▶ [What is being asked]:
Return exactly the lines of the records below, starting at the line that contains "Aquarium Light" and ending at the line that contains "Chilean winter squash", with both of those lines kept.

▶ [Data for review]:

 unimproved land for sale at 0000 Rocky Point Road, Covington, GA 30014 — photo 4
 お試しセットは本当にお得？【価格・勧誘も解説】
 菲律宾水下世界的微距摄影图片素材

* * *

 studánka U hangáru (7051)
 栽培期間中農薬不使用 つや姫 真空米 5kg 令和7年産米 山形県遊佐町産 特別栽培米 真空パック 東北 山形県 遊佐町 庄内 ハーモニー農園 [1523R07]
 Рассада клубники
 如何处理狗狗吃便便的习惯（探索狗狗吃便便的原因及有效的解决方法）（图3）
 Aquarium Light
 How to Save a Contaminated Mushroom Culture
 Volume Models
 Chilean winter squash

▶ [Written reply]:
 Aquarium Light
 How to Save a Contaminated Mushroom Culture
 Volume Models
 Chilean winter squash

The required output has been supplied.